> _Your objective_
Return the listing in full and exactly, but without a single picture.

> _Data provided_

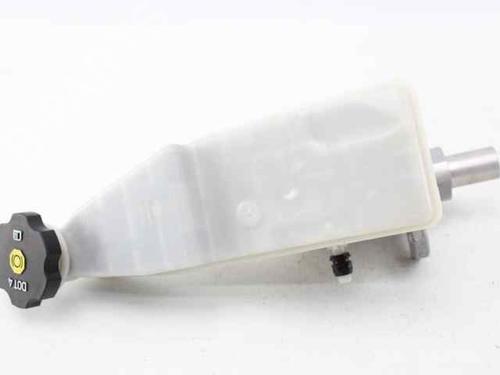 Brake master cylinder OPEL ASTRA K Sports Tourer (B16) 1.6 CDTi (35) | BP27645461M77 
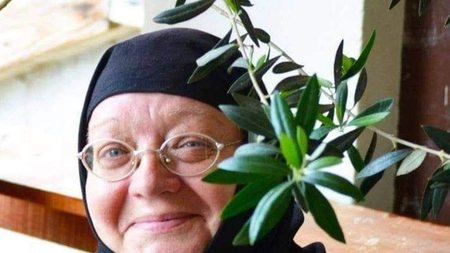 Monica Fermo nu apare pe Wikipedia, dar are o viață de film! De ce a ales să se dedice bisericii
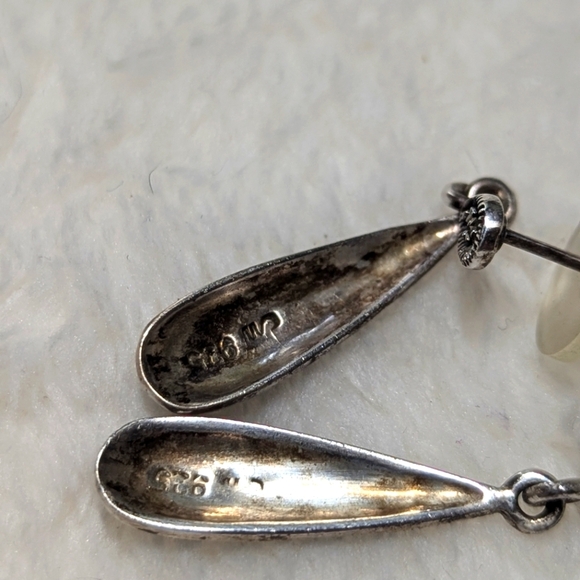 Vintage Sterling Silver and Marcasite Drop Pierced Earrings - Picture 4 of 9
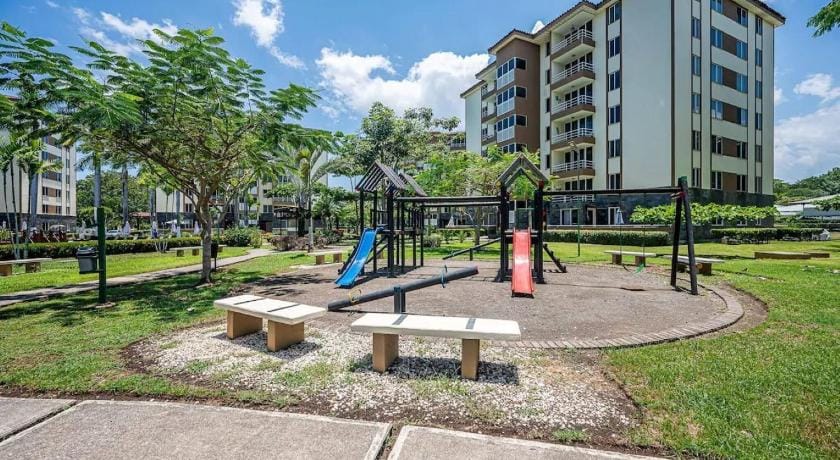 Costa Linda Jaco Beach pool view Balcony Apartment in Jaco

> _Output of the exercise_
 Brake master cylinder OPEL ASTRA K Sports Tourer (B16) 1.6 CDTi (35) | BP27645461M77 
 Monica Fermo nu apare pe Wikipedia, dar are o viață de film! De ce a ales să se dedice bisericii
 Vintage Sterling Silver and Marcasite Drop Pierced Earrings - Picture 4 of 9
 Costa Linda Jaco Beach pool view Balcony Apartment in Jaco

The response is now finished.